It means that the plant puts most of its resources towards the seeds and creating them. If the seed pods are allowed to remain, the plant will not continue to give you flowers like it would if the seeds were removed once the flowers go by. You could end up with a garden with lots of seeds and few blooms. This of course, depends on many factors. Therefore, faded flowers should be cut off. You can go around every day as you go about youyr gardening with some type of trimmers or scissors and cut off all the dead flowers. You can add this organic matter to your compost pile.
But,there are, of course, exceptions to every rule. There are a some plants that are grown because of their colored or shaped seed pods. Among these are the Chinese lanterns plants. It is a low-growing plant with white flowers that some may think are not as pretty as many other flowers, but when the flowers have gone by, balloon-like seed pods gradually appear. At first these are green, but in time they will change to a brilliant orange-red. They can be used in vases in the house throughout the winter to brighten the decor.

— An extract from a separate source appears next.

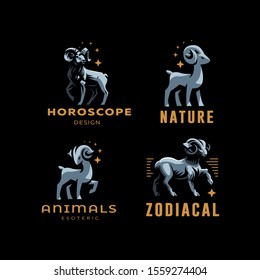 Aries, goat, ram with big horns. Set of vector illustration.
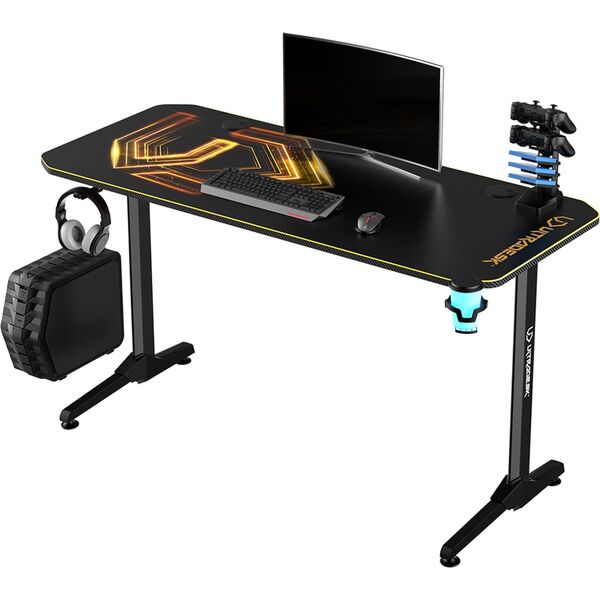 Biurko Ultradesk ULTRADESK Biurko dla gracza FRAG - GOLD V3, 140x60 cm, 76 cm, z podkładką pod mysz, uchwyt na słuchawki i napój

At this time of year, you might find a beautiful flower on some plant in your garden and you just want to save the seed. Tie a piece of string around the stem so you can identify it later and very carefully remove the other flowers from the plant as they fade. Then, when the seed is ready, you can cut the stem bearing the seed. After leaving it in a warm dry place for a few days, carefully seperate out the seeds and put them away for another day. They should be kept perfectly dry. This is one technique towards creating your own special garden and an interesting gardening technique as well.
In some cases, it is a good plan to sow seed as soon as it is ready as it grows more quickly and more surely than seed that has been kept. For annuals, this may not be practical this late in the season. This, of course, depends upon your growing season, how long the individual plant actually takes to set seed and other factors. With perennials, you might be able to get a head start on next spring by planting the seed in a protected area for the winter. Maybe in a cold frame in a protected area. On the other hand, there are some seeds that just do not grow for a long time. Some seeds require a certain number of hours of cold temperatures or even below freezing temperatures before planting. You will have to research the individual plant you have seed from to see what is practical.
If you have carnations in your garden where the calyx has a bad habit of splitting, try these old time fixes. That's the green portions that surrounds the petals. First stake each individual stem upright so it will not bend over. If that doesn't work try putting tiny rubber bands around the calyx to prevent splitting. It could be fun explaining to guests your gardening technique here.
Keep watering, weeding and putting the mulch on the soil to the proper depth around your flowers, shrubs and trees as described in other articles on our website. Heed the warnings in those articles as well.
Roses have chores that should be done this month too. Be on the look out for suckers coming from the roses in your garden. Where roses grow on their own roots, maybe reared from cuttings, there should be no suckers at all. But many roses we buy have been grafted to a stronger root stock and sometimes this root stock will send out suckers. Any suckers from the roots, or from the stem below the graft, should be removed as far below the surface of the soil as possible carefully. (You may wish you could remove other suckers from your life as easily as with your gardening.)
Also, at this time, rose budding can be done. It is a very interesting project. There are many points to learn and do. These are: the right stage at which to take a bud, how to trim the bud, how to make the cut for the bud and where, how to insert the bud and how to secure it. This topic will be covered in our gardening tips more fully at another time.